Records supplied Block Start
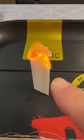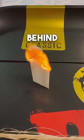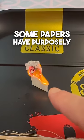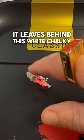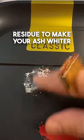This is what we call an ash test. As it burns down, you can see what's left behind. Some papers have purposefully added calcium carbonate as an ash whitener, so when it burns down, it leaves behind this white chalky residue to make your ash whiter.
Records supplied Block End
Records supplied Block Start
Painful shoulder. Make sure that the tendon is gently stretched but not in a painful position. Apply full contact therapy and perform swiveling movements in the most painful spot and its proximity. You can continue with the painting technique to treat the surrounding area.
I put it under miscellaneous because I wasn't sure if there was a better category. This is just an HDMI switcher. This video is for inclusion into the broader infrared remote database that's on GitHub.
Records supplied Block End
Could you transcribe the entries above word for word, from the line with "Painful shoulder. Make" down to the line with "I put it under", keeping both?

Your response:
Painful shoulder. Make sure that the tendon is gently stretched but not in a painful position. Apply full contact therapy and perform swiveling movements in the most painful spot and its proximity. You can continue with the painting technique to treat the surrounding area.
I put it under miscellaneous because I wasn't sure if there was a better category. This is just an HDMI switcher. This video is for inclusion into the broader infrared remote database that's on GitHub.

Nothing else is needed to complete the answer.